Today’s guest picture is a glorious view of Arran sent by Bruce who is/was on holiday there.
The forecast was good and the wall calendar indicated a day with no engagements so Mrs Tootlepedal and I went off on an excursion. A good excursion should have a scenic drive, an agreeable destination, a gentle cycle circuit, a place to obtain a cup of tea and cake and, if possible, a garden centre. Today’s excursion was indeed a good one.
The only problem with day from my point of view was that there were far too many photo opportunities and if we had stopped for every one, we wouldn’t have got to our destination at all.
We were aiming for Peebles as our friend Gavin had told us that there is new cycle route along a railway track there. Cycle routes along railway tracks are just what Mrs Tootlepedal likes. Our drive was slightly protracted as after thirty miles and with twenty still to go, a sign at a junction in the middle of nowhere informed us that the road we wanted to take was closed. This meant that we had to make a fifteen mile diversion through Selkirk and lovely as the Ettrick valley is, this was quite a long way.
Still, the weather was wonderful and the hills beautiful so we arrived in Peebles in good heart and parked beside the River Tweed. Peebles on a sunny summer day is a good place to be…
…especially for a bridge lover like me. There was an old bridge over the Tweed at one end of the car park….
…and a new one at the other end.
We crossed the new bridge and cycled through the town until we picked up the old railway to Innerleithen. After some twists and turns and a short tunnel, we were soon out in the country. We passed an old castle…
…a new golf course…
…and cycled through woods….
….over a brand new bridge…
…and along the banks of the Tweed….
…passing beautiful hedge roses….
…until we arrived at Innerleithen, nestling among the hills.
We had certainly had a lot to look at in the seven miles since we left the car.

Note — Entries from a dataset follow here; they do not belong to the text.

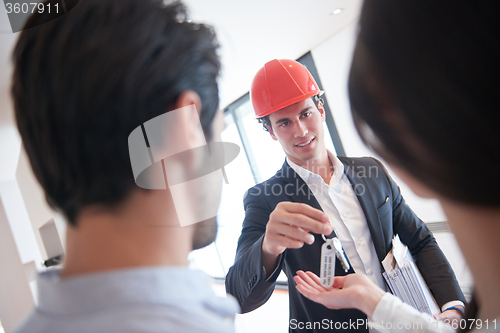 Image of couple buying new home with real estate agent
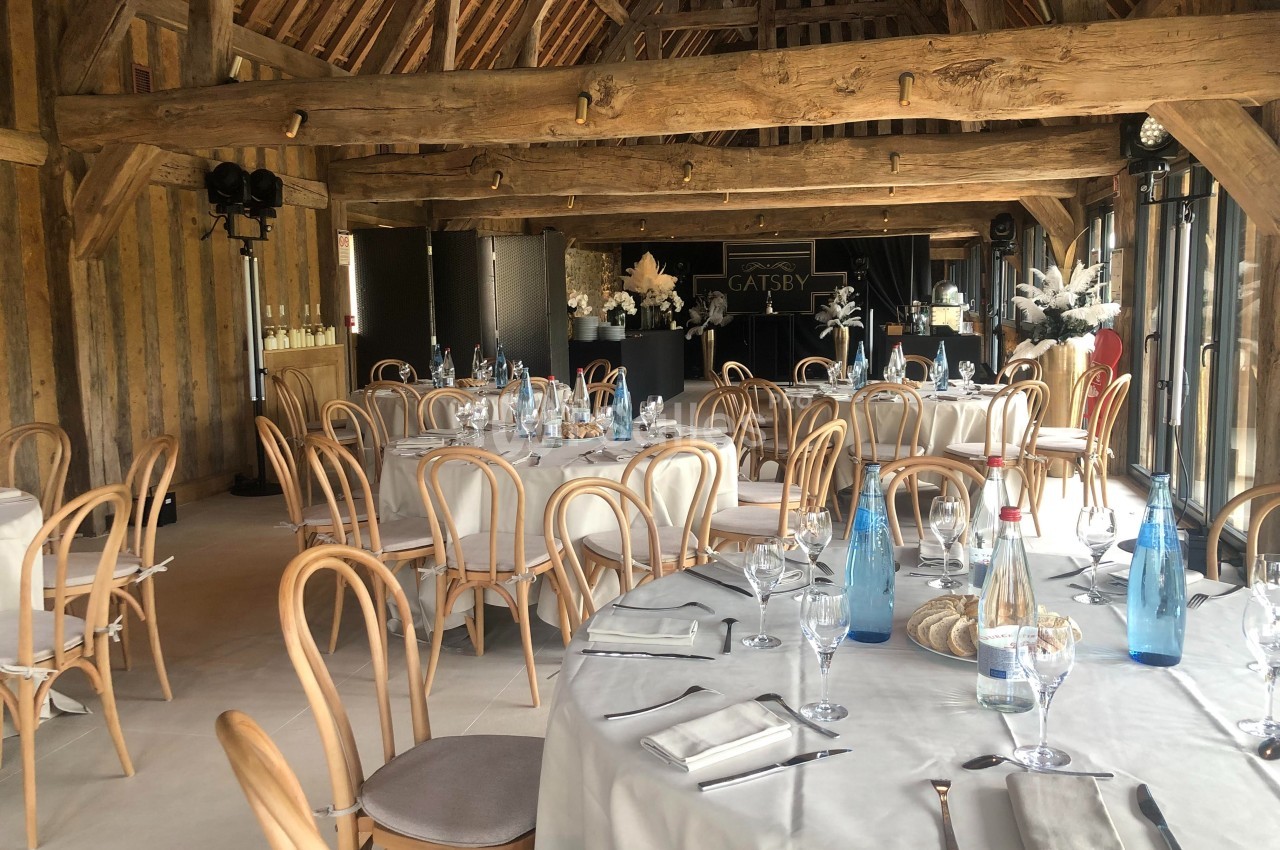 Salle de réception avec tables rondes dressées, chaises en bois clair et poutres apparentes sous un toit en bois.
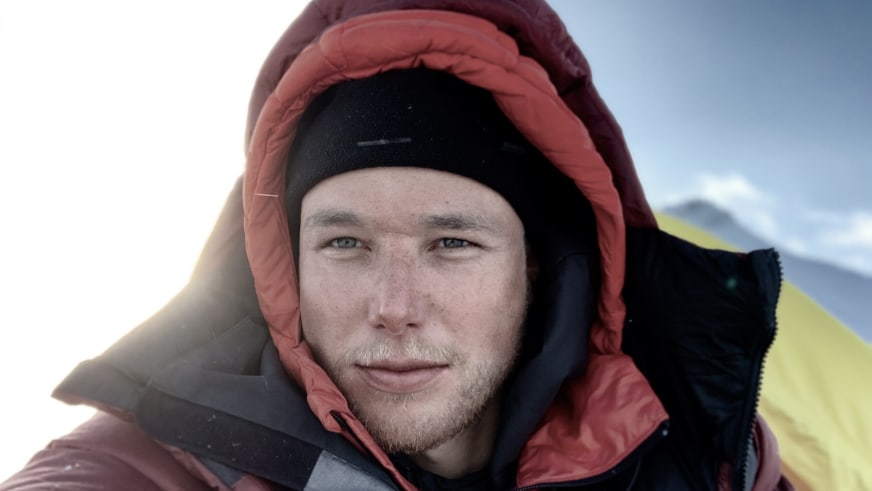 Bergwanderführer Jonas Haass trägt dicke Kapuze mit orangefarbenem Innenfutter vor schneebedeckten Bergen.
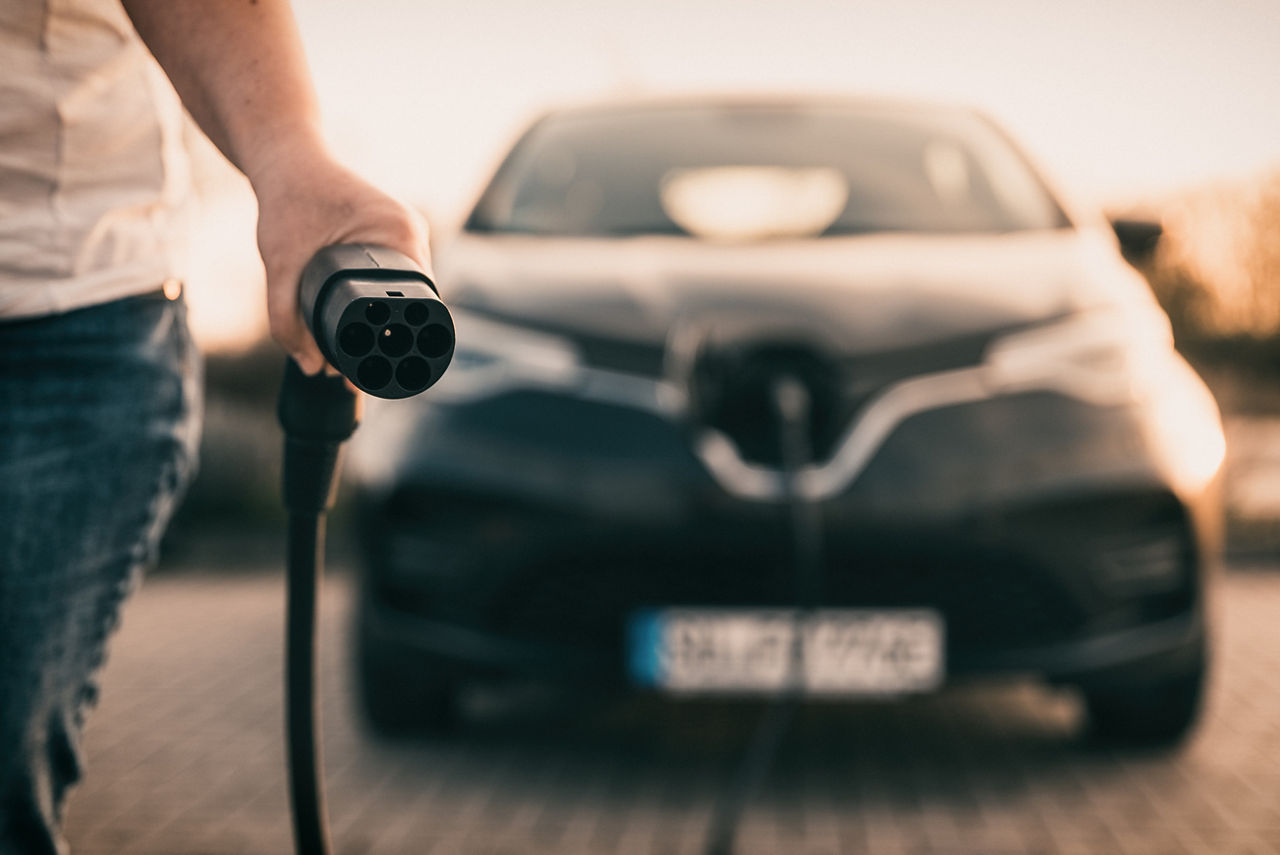 Im Hintergrund sieht man verschwommen ein E-Auto am Ladekabel. Das andere Endstück des Kabels ist im Vordergrund scharf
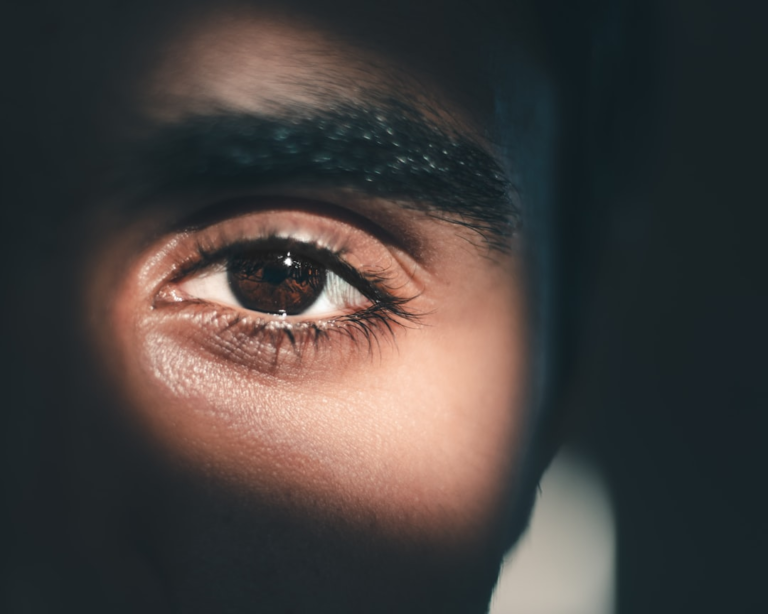 A brown eye is brilliantly illuminated by a focused beam of light against a dark background, symbolizing clarity, hope, and the potential of light therapy for vision.
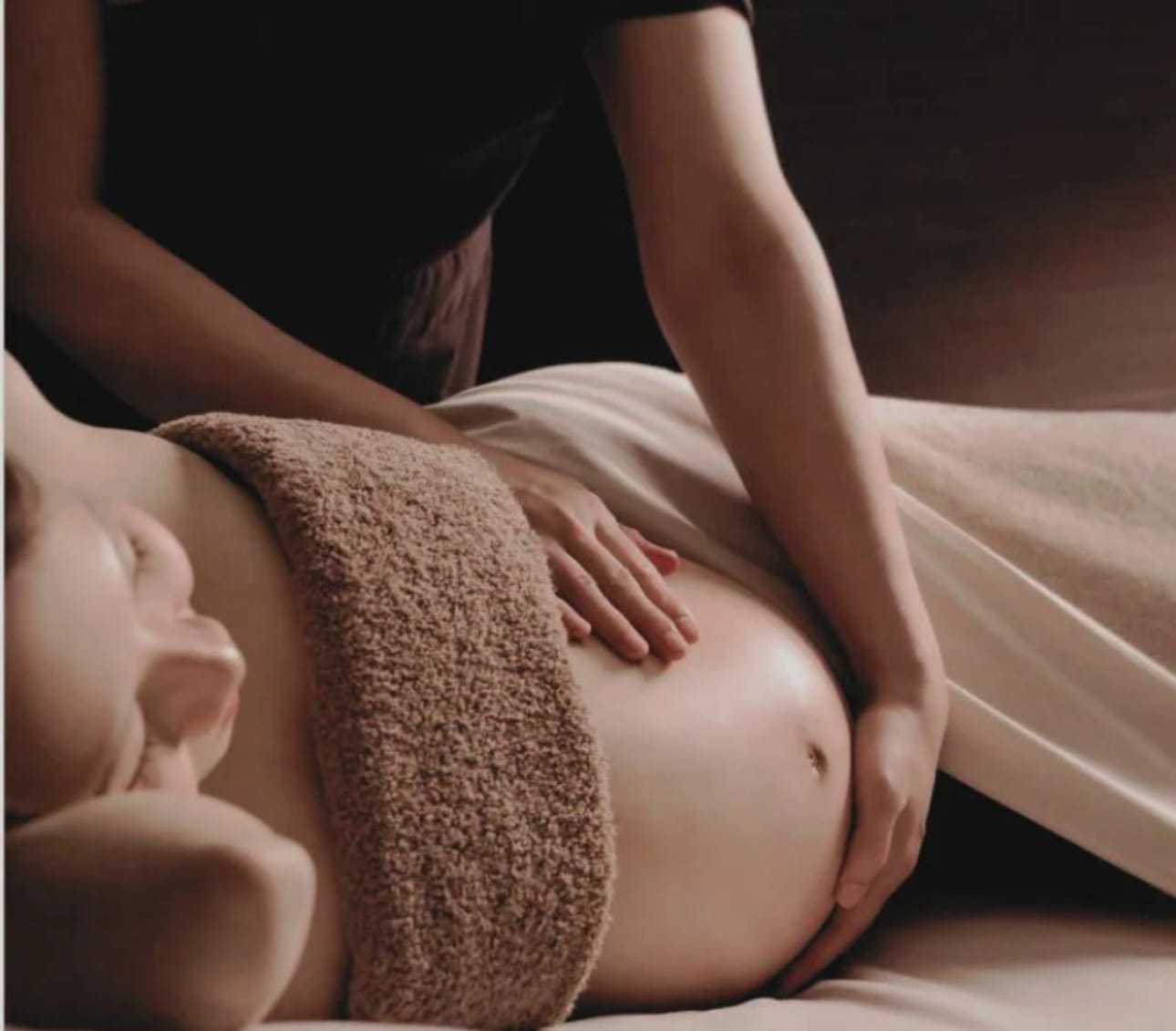 Pregnant woman receiving a gentle abdominal massage in a peaceful setting.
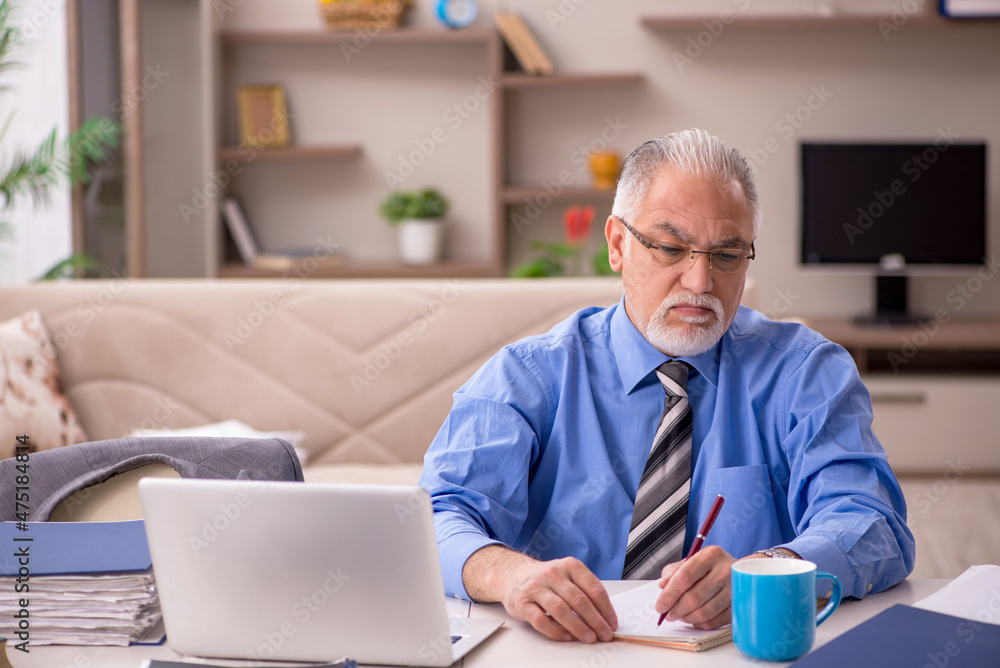 Old male employee working from home during pandemic Old male employee working from home during pandemic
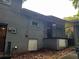 Back of the house with multiple doors and a stairway visible at 2436 Glenrock Dr, Decatur, GA 30032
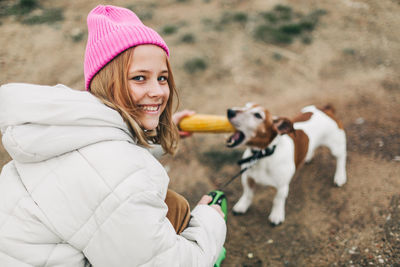 Happy teenage girl hugging and feeding her dog jack russell terrier in a field against the backdrop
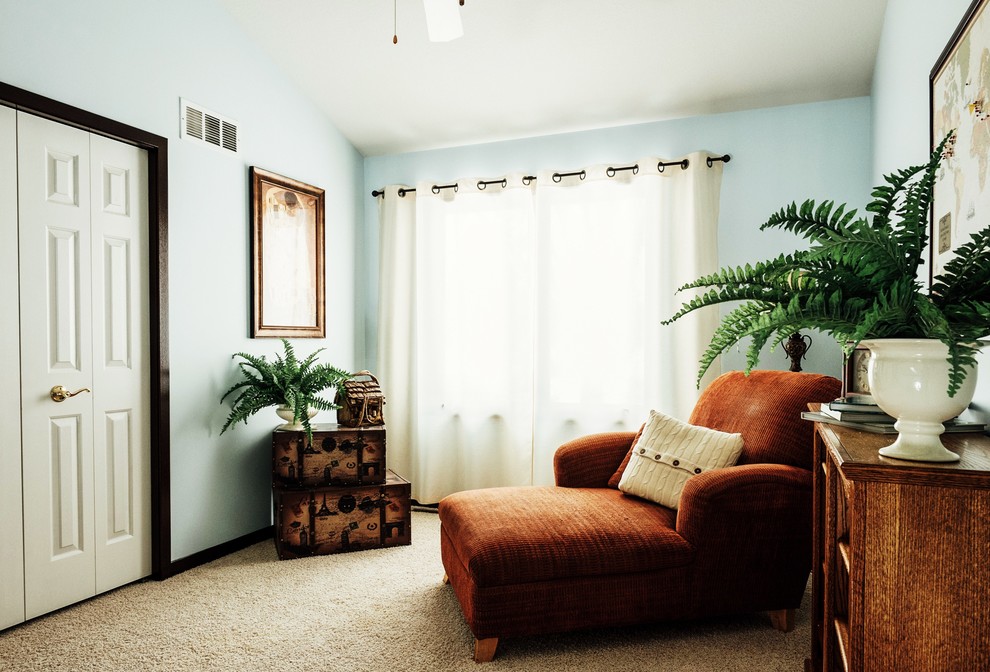 This is an example of a mid-sized transitional hallway in Other with blue walls and carpet.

We didn’t go into Innerleithen as it was the day of a ride out as part of the Beltane Festival at Peebles and we didn’t want to get caught up in the horses if we were late getting back. Instead of returning up the railway track, we crossed the Tweed yet again and went back by quiet back roads….
…on the south side of the river. We passed Traquair House….
…which claims to be the oldest continuously inhabited house in Scotland. It has been lived in for 900 years. The distant view of the house in the photograph above was taken through the Bear Gates.
These gates were closed in 1745 after a visit by Bonnie Prince Charlie and will not be opened again until there is a Stewart on the throne of Scotland. Don’t hold your breath.
Rather reluctantly we passed a fine garden open to the public (with tearoom) and resolved to come and do this circuit again and make time to visit the interesting places on the way round.
After fifteen miles of excellent cycling, we arrived back at the car and drove out of Peebles well before any Beltane excitement started. We went home past another notable open garden, the source of the Tweed, the Devil’s Beef Tub and Moffat. Once again the drive alone would have been worth an outing just for itself as the day remained sunny and the hills looked beautiful.
It hurt to pass so many views without stopping to get the camera out but they will stay in my mind so I at least can still enjoy them.
After leaving my bike under the care of some sheep in Lockerbie yesterday, we left the car under the stern gaze of the Moffat ram today…
…while we went to revive the inner man and woman with a cup of tea and a cake. Then I walked down the street to sample one of Moffat’s celebrated home made ice creams while Mrs Tootlepedal wandered through a handy garden centre.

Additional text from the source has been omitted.